Charter Communications (NASDAQ: CHTR) headquartered in Stamford, CT and Cox Communications, a subsidiary of privately held Cox Enterprises based in Atlanta agreed to merge their mobile, broadband, video, and customer service businesses. The deal values Cox Communications at approximately $34.5 billion, including $12 billion in debt, based on a trading multiple of 6.44x.
Cox Communications is the third largest cable television company in the U.S., behind Comcast (NASDAQ: CMCSA) and Charter, according to Inside Towers Intelligence. Cox’s network passes more than 12 million homes across 18 states, from California to Virginia. Cox serves 6.5 million customers with digital cable, internet, telephone, and home security services. In its Q1 2025 earnings report, Charter, operating under the Spectrum brand, reported more than 57 million homes passed and connections to 31.3 million residential and small business customers across 41 states. The combined company would become America’s largest cable TV and broadband provider by subscribers, surpassing Comcast.

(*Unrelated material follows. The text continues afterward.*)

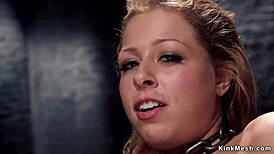 金发顺从者被硬肛交并射精，伴随着激烈窒息在BDSM场景中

Both companies own 3.5 GHz CBRS spectrum. In FCC Auction 105, Cox spent $213 million on 470 Priority Access Licenses in 173 counties, while Charter paid $464 million for 210 PALs in 106 counties, Inside Towers reported. Both cablecos bundle mobile services with broadband. Cox operates as an MVNO on Verizon (NYSE: VZ) and T-Mobile (NASDAQ: TMUS) networks. Charter, also a Verizon MVNO, says it is developing its own CBRS wireless infrastructure to generate new revenue, stem broadband losses to competitors, and reduce reliance on Verizon.
Charter will acquire Cox’s commercial fiber and IT/cloud businesses. Cox will contribute its residential cable business to Charter Holdings, a subsidiary of Charter. Within a year after closing, the combined company will change its name to Cox Communications. Spectrum will be the consumer-facing brand within the communities Cox serves.
The combined company will remain headquartered in Stamford and maintain a significant presence on Cox’s Atlanta campus. Charter CEO Chris Winfrey will remain as CEO of the new organization, and Cox Enterprises CEO Alex Taylor will serve as chairman.
With planned investments in cable and wireless infrastructure expansion and development of third-party services, the combined business is projected to generate higher cash flow per passing while reducing capital expenditure and operating expense per passing. Charter projects approximately $500 million of annualized cost synergies within three years of closing.